── Data excerpts
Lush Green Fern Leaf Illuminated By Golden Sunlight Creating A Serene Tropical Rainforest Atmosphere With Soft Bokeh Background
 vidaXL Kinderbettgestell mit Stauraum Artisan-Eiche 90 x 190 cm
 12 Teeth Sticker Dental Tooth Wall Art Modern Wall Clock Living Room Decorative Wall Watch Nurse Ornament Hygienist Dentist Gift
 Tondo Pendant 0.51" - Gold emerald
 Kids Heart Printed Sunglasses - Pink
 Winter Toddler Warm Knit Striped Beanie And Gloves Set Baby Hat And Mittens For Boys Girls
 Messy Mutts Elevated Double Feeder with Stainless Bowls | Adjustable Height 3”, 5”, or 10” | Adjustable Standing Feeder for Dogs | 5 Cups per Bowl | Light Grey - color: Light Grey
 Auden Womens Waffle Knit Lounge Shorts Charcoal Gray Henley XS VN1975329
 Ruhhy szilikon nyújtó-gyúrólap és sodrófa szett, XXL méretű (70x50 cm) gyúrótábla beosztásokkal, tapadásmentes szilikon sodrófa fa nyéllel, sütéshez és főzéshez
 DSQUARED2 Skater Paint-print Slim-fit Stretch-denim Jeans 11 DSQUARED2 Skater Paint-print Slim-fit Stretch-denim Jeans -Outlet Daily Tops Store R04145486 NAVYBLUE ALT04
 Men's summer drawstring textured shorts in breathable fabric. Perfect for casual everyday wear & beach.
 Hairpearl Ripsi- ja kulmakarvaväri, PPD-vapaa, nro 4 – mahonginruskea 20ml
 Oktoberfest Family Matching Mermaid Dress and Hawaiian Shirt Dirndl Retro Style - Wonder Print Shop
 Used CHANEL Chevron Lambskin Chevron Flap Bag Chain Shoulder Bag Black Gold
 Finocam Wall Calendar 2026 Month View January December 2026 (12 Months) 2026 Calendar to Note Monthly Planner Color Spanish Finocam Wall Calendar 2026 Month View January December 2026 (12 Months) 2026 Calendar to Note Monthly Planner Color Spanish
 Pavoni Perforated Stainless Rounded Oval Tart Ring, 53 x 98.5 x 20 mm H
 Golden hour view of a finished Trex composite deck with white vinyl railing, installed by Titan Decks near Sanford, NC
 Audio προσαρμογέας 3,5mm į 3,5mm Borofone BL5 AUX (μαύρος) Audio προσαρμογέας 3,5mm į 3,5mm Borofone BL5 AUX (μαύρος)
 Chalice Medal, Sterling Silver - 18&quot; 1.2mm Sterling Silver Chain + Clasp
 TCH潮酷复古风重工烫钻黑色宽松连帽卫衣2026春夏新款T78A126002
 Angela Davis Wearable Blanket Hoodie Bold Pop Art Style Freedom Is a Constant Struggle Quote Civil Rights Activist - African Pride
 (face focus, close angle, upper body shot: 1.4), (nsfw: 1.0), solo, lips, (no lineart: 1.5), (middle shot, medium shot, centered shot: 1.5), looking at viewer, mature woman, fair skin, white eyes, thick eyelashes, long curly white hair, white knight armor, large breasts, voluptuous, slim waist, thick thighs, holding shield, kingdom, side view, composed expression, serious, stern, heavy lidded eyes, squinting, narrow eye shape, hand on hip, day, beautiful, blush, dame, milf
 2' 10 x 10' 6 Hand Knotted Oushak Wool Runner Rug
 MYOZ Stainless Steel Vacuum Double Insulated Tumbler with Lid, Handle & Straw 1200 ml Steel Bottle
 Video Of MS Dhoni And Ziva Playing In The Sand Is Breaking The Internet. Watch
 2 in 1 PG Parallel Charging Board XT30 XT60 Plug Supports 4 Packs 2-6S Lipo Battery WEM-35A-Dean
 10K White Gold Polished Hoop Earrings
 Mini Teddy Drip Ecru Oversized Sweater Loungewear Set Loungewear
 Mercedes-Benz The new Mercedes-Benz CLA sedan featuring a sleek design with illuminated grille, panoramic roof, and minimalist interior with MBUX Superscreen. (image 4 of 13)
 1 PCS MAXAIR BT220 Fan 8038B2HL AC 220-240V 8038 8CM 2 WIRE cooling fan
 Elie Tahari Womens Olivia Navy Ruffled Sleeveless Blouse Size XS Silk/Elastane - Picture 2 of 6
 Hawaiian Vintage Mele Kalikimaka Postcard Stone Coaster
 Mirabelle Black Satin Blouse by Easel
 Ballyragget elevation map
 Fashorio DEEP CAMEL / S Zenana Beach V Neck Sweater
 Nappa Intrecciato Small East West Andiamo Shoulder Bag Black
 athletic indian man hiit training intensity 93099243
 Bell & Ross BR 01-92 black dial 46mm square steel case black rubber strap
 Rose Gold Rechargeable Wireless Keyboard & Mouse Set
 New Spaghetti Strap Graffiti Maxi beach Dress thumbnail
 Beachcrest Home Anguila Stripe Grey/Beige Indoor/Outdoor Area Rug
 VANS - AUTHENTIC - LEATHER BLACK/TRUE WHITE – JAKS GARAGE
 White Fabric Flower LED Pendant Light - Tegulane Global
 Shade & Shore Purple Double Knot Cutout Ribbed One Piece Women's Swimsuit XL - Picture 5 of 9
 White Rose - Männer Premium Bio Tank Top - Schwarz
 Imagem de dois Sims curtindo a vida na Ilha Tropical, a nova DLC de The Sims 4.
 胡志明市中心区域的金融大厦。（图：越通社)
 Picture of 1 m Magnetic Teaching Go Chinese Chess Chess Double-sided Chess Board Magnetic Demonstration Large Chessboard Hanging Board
────
### Assignment:
Scan the listing for the string "Tropical" and copy every line that carries it.

### Answer to this task:
Lush Green Fern Leaf Illuminated By Golden Sunlight Creating A Serene Tropical Rainforest Atmosphere With Soft Bokeh Background
 Imagem de dois Sims curtindo a vida na Ilha Tropical, a nova DLC de The Sims 4.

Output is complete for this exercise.